Dinosaurs to the rescue! How paleontology can inform us about the necessity of conservation
Dinosaurs are more than just scary monsters featured in Hollywood blockbuster movies; they’re the poster children for the science of paleontology, and one of the best subjects to educate the general public about natural history.
Dinosaurs ruled the Earth for nearly 165 million years (from 230 million years ago until 66 million years ago). If we include birds, dinosaurs would be considered to rule the Earth to this day. They represent one of life’s greatest success stories, having lived through and survived the consequences of countless environmental and climatic changes, including massive volcanic eruptions, the breakup of continents as well as the collision of land masses to form huge mountain belts. Consequently, the study of dinosaurs, and of the myriad animals and plants that lived alongside them, can inform us about how ecosystems respond to periods of change.
Whether they be catastrophic or gradual, dinosaurs provide us with context and perspective when attempting to understand the possible ecological consequences of human-made and natural changes that our world is facing today. Through paleontology, it’s possible to educate the public about the necessity of conservation.

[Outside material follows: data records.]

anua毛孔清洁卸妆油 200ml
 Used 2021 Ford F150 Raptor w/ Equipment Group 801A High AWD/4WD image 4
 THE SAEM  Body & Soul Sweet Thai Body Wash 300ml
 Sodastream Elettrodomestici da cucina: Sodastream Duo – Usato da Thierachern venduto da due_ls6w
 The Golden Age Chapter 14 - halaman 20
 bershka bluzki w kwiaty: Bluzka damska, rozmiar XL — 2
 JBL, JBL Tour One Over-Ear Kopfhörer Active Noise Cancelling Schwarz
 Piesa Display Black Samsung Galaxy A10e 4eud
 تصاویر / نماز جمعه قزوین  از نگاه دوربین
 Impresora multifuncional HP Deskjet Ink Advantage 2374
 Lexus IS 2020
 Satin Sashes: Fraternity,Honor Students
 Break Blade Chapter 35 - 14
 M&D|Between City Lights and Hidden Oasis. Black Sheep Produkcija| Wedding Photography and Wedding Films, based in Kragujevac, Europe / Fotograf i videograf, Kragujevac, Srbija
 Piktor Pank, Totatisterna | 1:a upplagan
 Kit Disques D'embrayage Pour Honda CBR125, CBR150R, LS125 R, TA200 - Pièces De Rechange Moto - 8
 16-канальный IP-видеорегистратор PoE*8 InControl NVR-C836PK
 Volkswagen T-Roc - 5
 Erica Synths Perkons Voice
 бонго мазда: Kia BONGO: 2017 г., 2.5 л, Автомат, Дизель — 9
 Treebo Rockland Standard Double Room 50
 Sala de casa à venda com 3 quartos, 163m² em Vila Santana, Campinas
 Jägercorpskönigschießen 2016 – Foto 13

Fossil records tell us that animal and plant species don’t last forever; eventually they will go extinct (more than 99 per cent of all life forms that have ever lived on Earth are now extinct). While most extinctions occur gradually and regionally as species evolve into or are replaced by new ones (known as “background extinctions”), there are 18 time intervals over the course of the past 600 million years when species went extinct rapidly and globally. These are called mass extinctions, and are responsible for the disappearance of vast numbers (sometimes more than 80 per cent) of life forms that were present on Earth at the time.
Although the exact mechanisms responsible for the disappearance of large numbers of species are often the subject of scientific debate, mass extinctions appear to occur with episodes of major environmental upheaval.
Mass extinctions are often followed by extended periods, some lasting millions of years, of low biodiversity and highly unstable ecosystems. As such, these extinction events are most informative about the sensitivity and response of various species to environmental change and the amount of time required for ecosystems to recover once destabilized. For example, we learned that species characterized by limited geographic distribution, narrow habitat preferences and slow reproductive rates are more susceptible to becoming extinct.
We also learned that during periods of rapid global warming, such as during the Paleocene-Eocene transition 55 million years ago, surviving mammal species shrank dramatically in size compared to their ancestors. And in instances of food web collapses, such as what happened at the end of the Age of Dinosaurs 66 million years ago, cold-blooded animals with a small body size (weighing less than 20 kilograms) that have a scavenging diet and live in close association with water bodies are more likely to survive than large, warm-blooded animals with a specialized diet (such as herbivores and carnivores).
Following the extinction of dinosaurs, while it took only around 5,000 years for forests to recover from the devastation caused by the meteorite impact, it took nearly 1 million years for mammals to recover and nearly 4 million years for marine ecosystems to return to normal.
Knowing how ancient ecosystems responded to past environmental crises and what species suffered extinction can guide us in our efforts to develop effective conservation policies and to determine what habitats should be protected to conserve long-term biodiversity in light of modern environmental disturbances.
While paleontology can assist with conservation, the reverse is equally true. Numerous fossil zones occur in highly scenic landscapes, such as those in the Alberta badlands. With expanding urban development and industrialization, many fossil areas are at risk of being destroyed or greatly reduced in size. This is where the role of conservation can be expanded to protect the paleontological resources preserved in the ground in these areas.
The protection and conservation of paleontological resources shouldn’t mean that fossils and the outcrops that encased them should be left undisturbed for the force of erosion to take its natural course, resulting in the loss of valuable knowledge about past organisms and ecosystems. Rather, conservation would allow for the excavation of fossils to be conducted in a responsible and respectful fashion that minimizes adverse effects on the local ecosystem. With such a balanced approach, paleontology and conservation can mutually benefit each other.